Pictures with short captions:

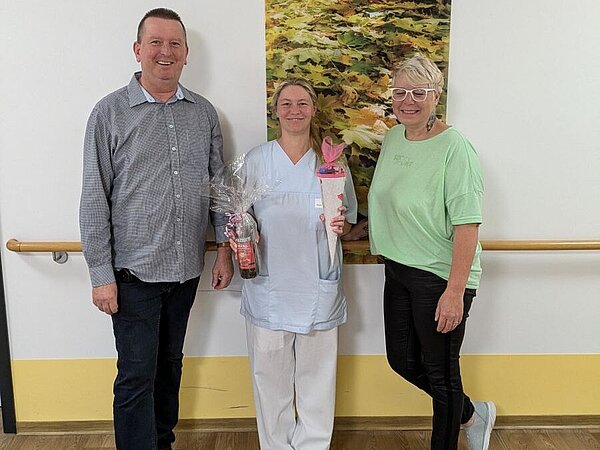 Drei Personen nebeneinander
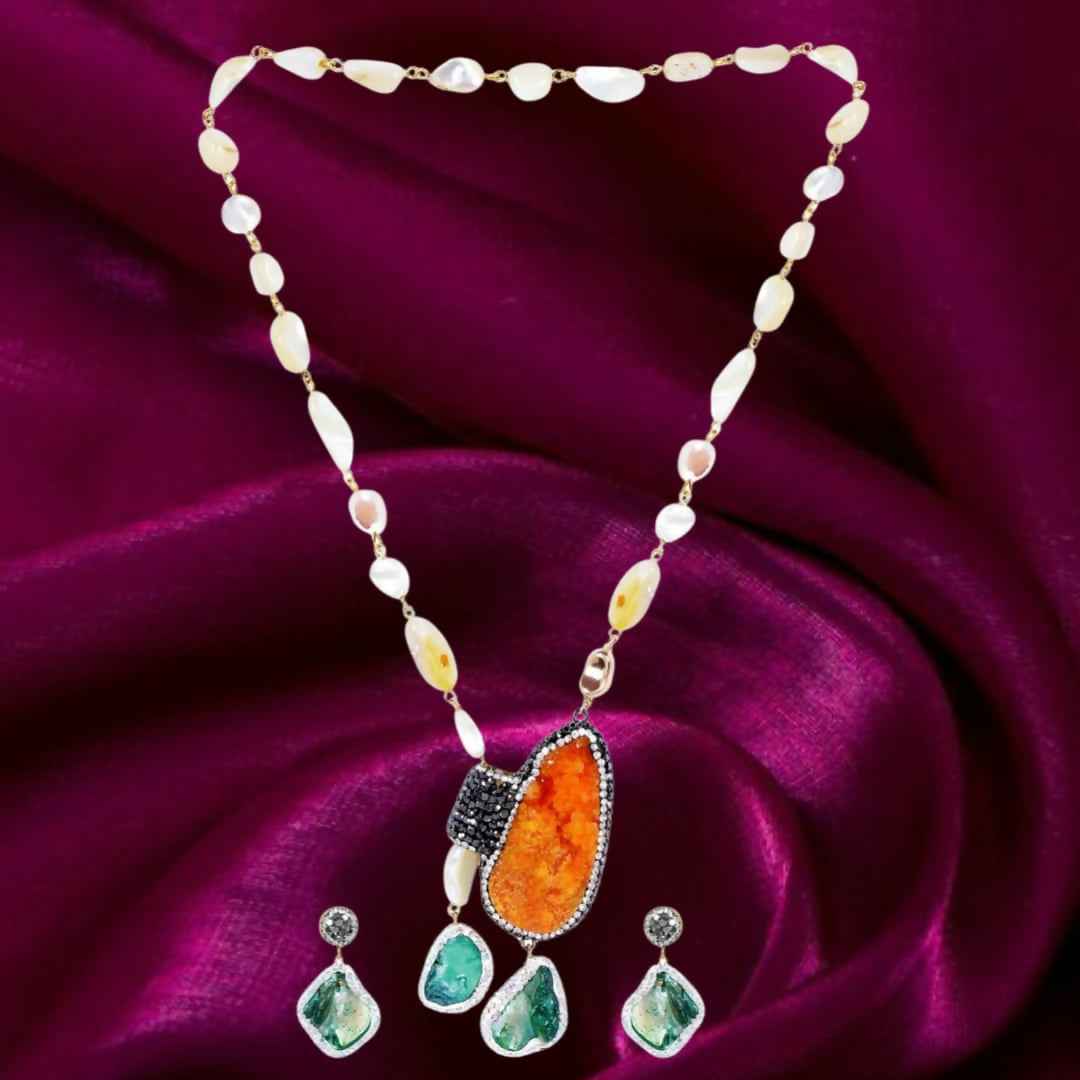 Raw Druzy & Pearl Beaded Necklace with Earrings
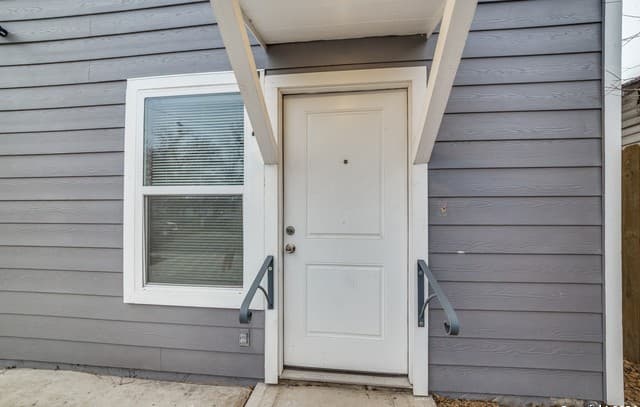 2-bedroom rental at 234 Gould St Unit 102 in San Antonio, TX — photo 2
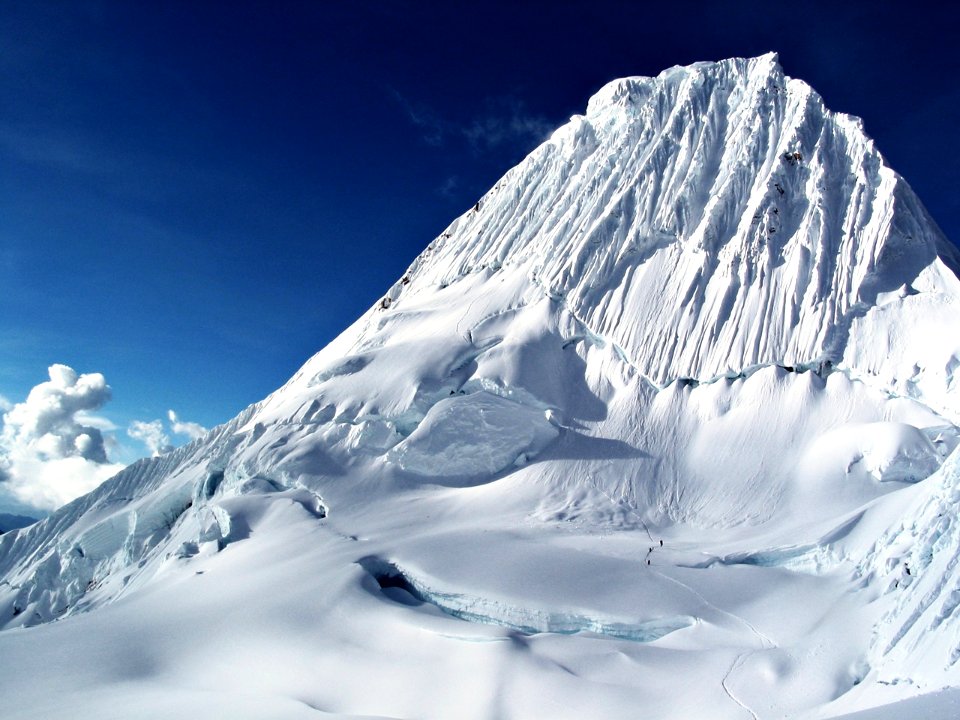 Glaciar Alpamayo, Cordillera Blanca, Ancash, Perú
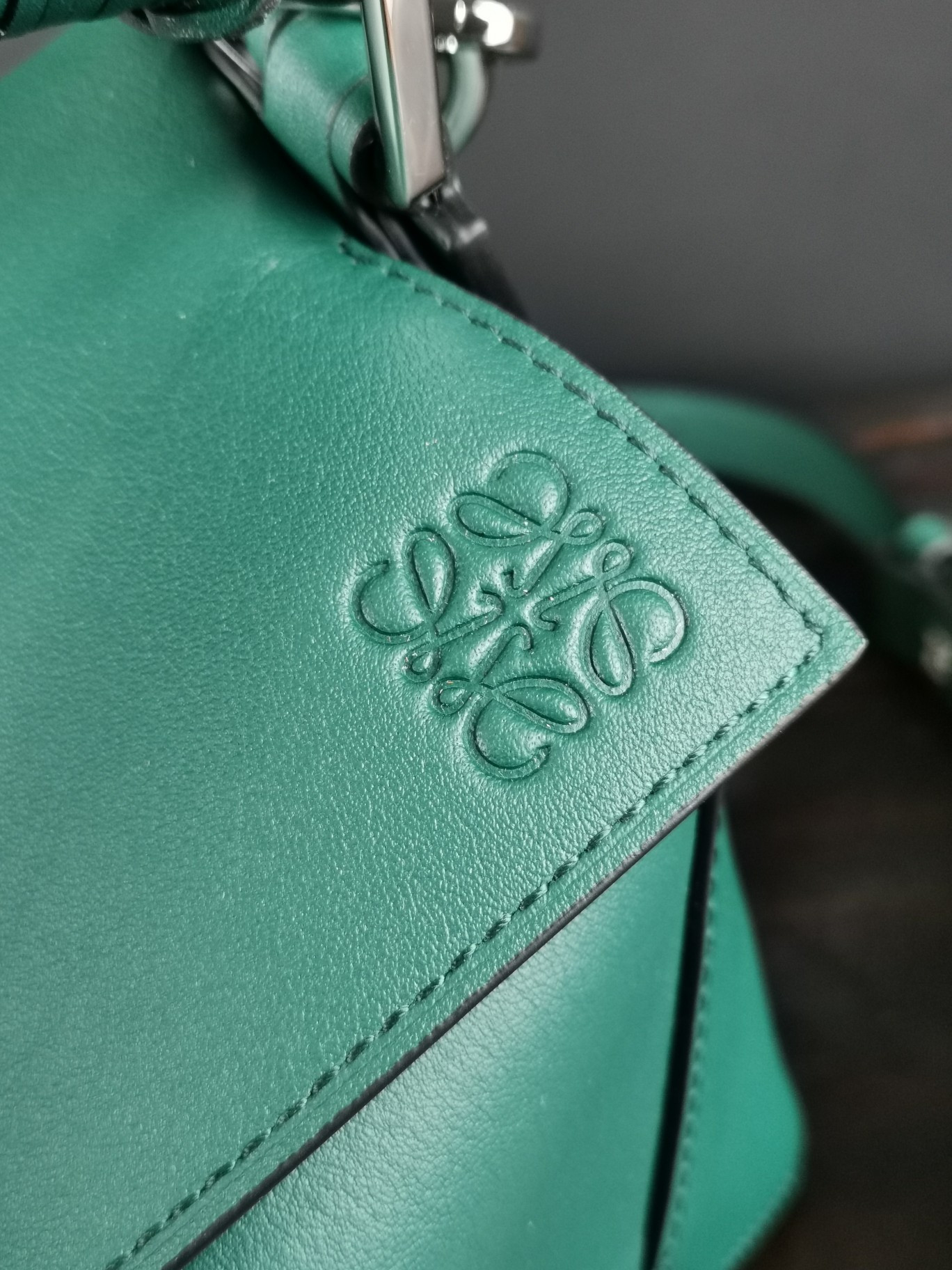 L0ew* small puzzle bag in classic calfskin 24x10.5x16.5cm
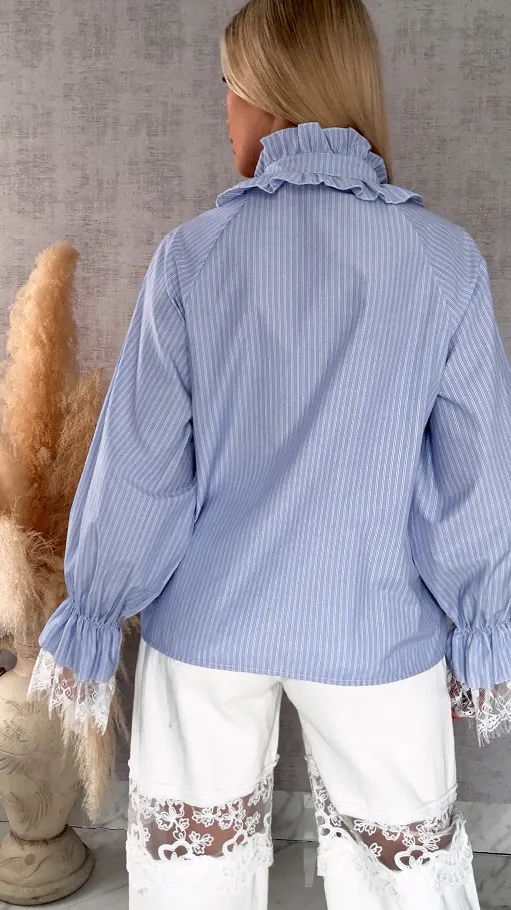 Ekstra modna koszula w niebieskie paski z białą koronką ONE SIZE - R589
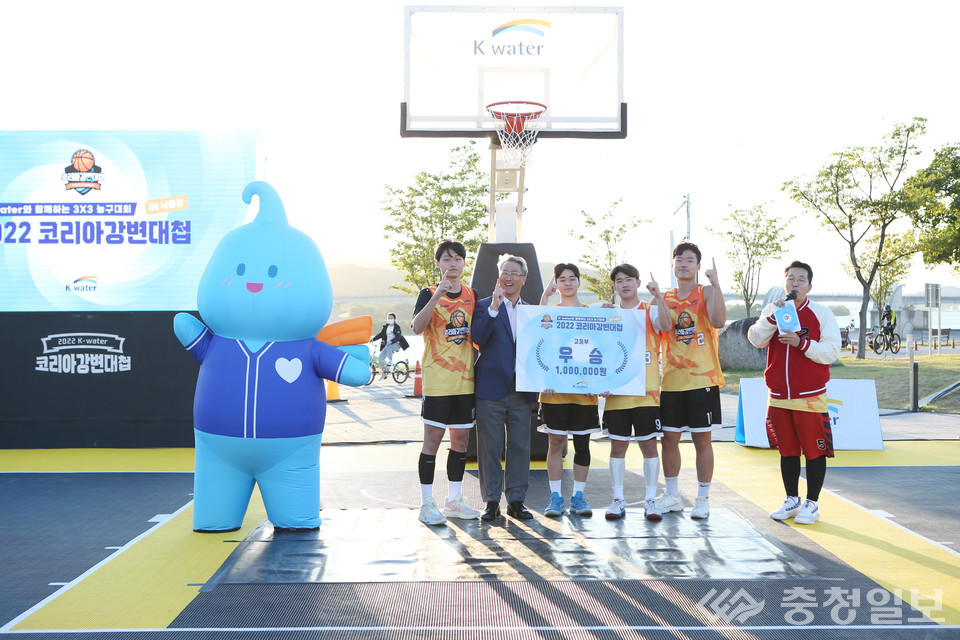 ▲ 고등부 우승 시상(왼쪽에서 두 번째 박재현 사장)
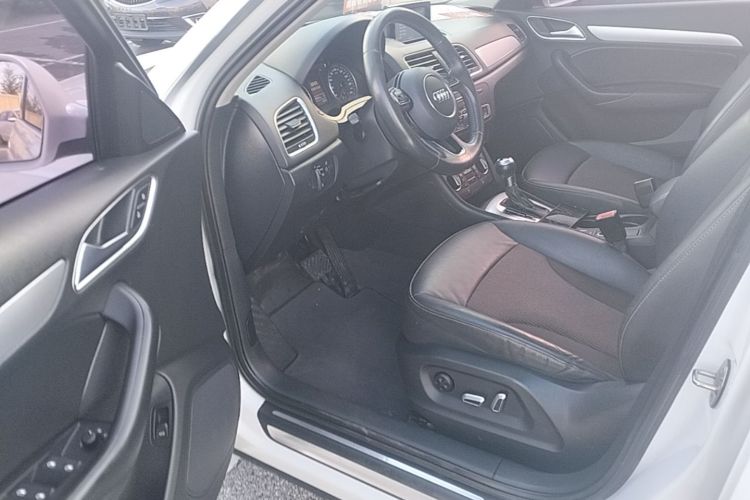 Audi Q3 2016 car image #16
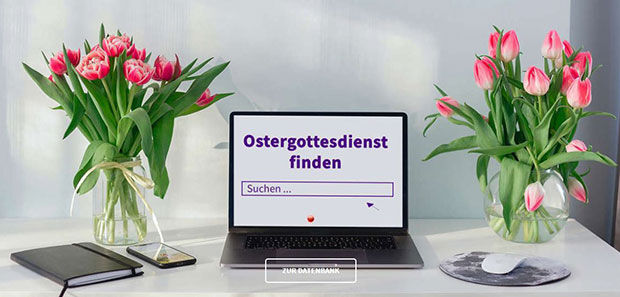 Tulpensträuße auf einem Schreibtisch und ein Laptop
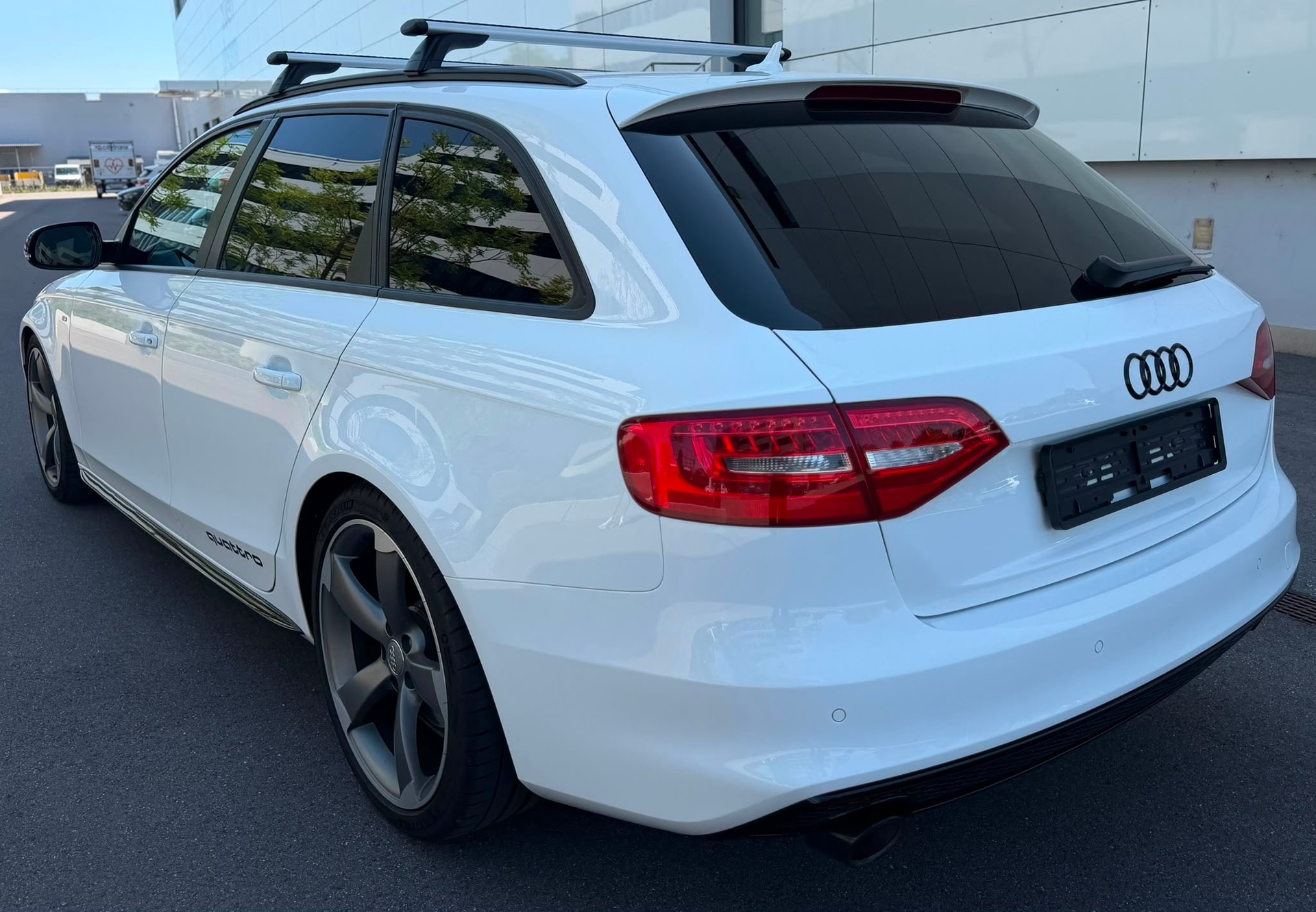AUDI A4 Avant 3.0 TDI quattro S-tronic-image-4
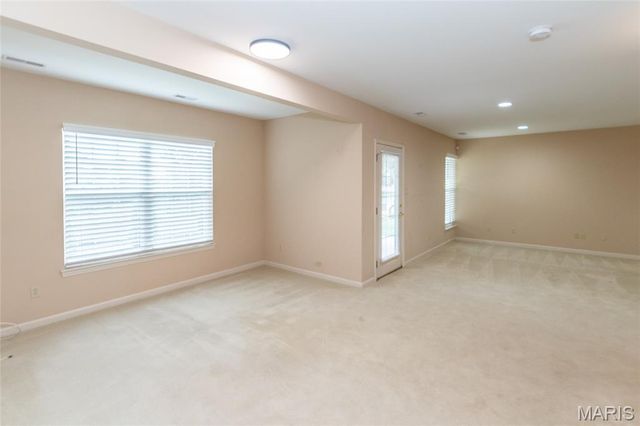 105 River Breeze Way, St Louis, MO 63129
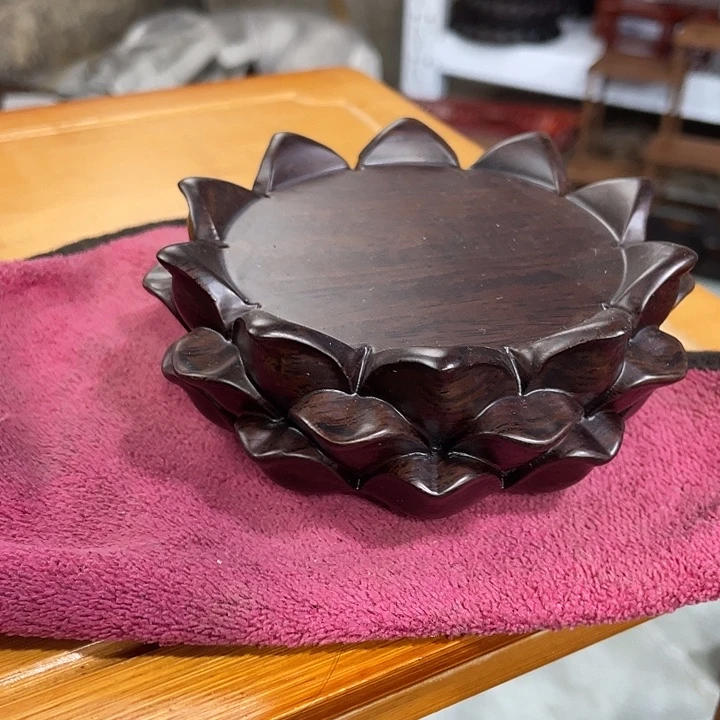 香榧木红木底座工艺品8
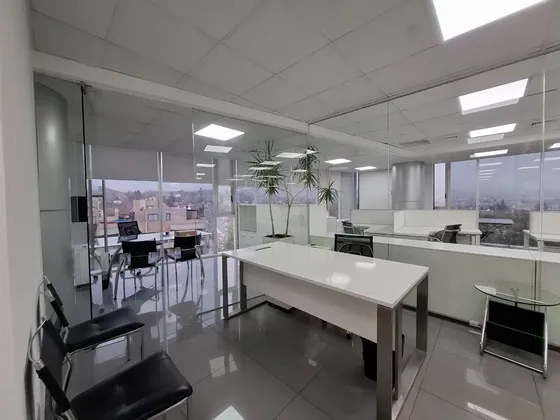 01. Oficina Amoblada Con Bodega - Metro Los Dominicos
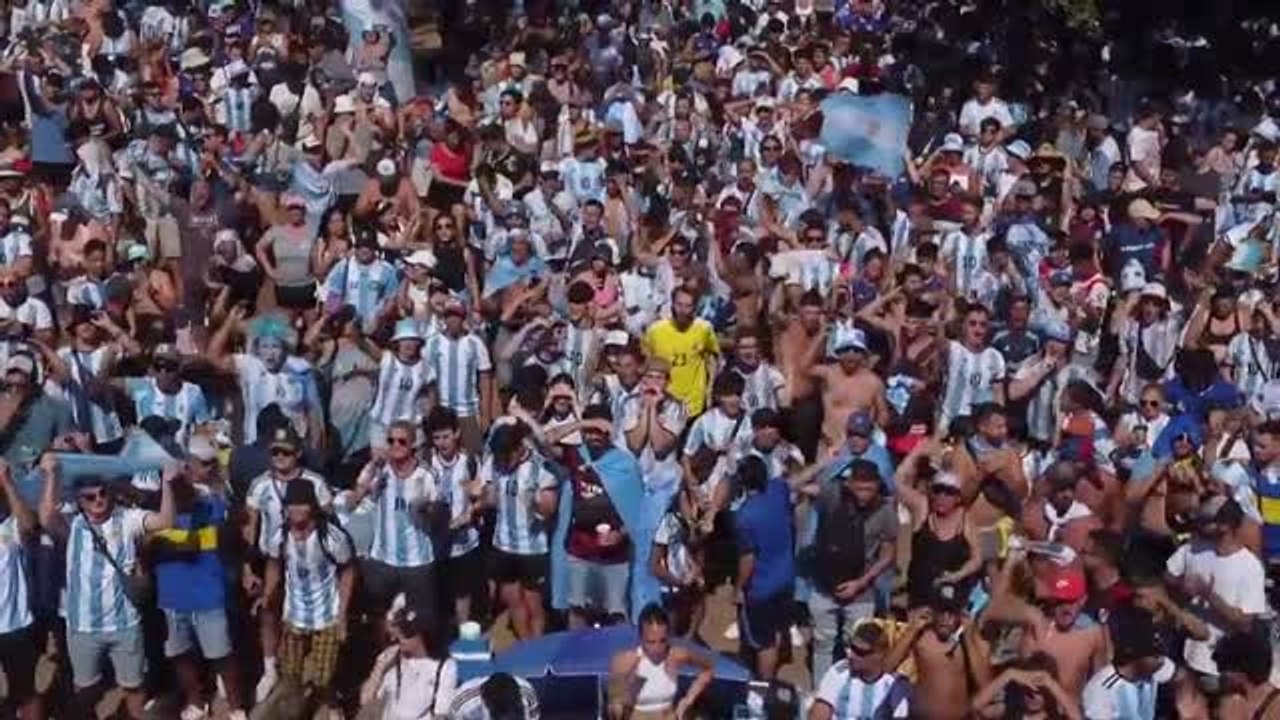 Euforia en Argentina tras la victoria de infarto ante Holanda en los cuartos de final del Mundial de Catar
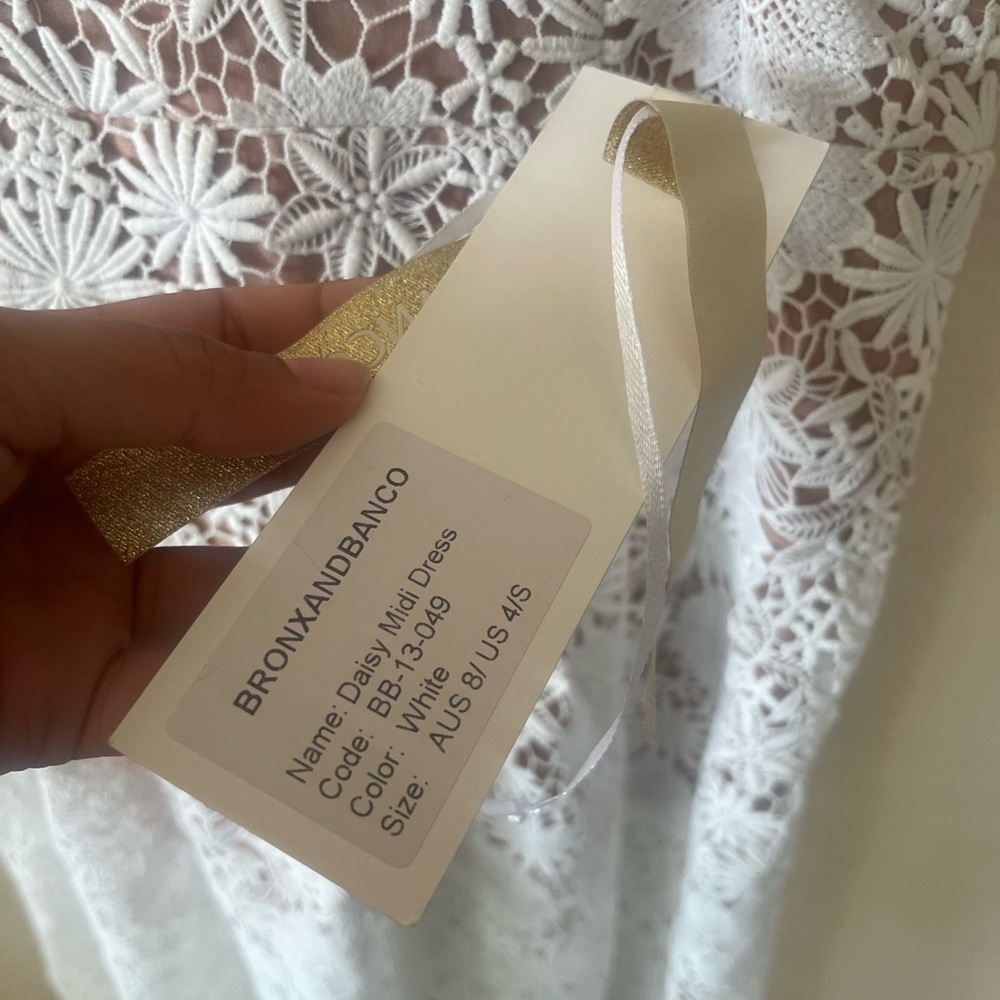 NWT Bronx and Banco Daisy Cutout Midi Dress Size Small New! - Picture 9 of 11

Exercise aim: Transcribe all entries above exactly. Drop the pictures.

Answer to this problem:
 Drei Personen nebeneinander
 Raw Druzy & Pearl Beaded Necklace with Earrings
 2-bedroom rental at 234 Gould St Unit 102 in San Antonio, TX — photo 2
 Glaciar Alpamayo, Cordillera Blanca, Ancash, Perú
 L0ew* small puzzle bag in classic calfskin 24x10.5x16.5cm
 Ekstra modna koszula w niebieskie paski z białą koronką ONE SIZE - R589
 ▲ 고등부 우승 시상(왼쪽에서 두 번째 박재현 사장)
 Audi Q3 2016 car image #16
 Tulpensträuße auf einem Schreibtisch und ein Laptop
AUDI A4 Avant 3.0 TDI quattro S-tronic-image-4
 105 River Breeze Way, St Louis, MO 63129
 香榧木红木底座工艺品8
 01. Oficina Amoblada Con Bodega - Metro Los Dominicos
 Euforia en Argentina tras la victoria de infarto ante Holanda en los cuartos de final del Mundial de Catar
 NWT Bronx and Banco Daisy Cutout Midi Dress Size Small New! - Picture 9 of 11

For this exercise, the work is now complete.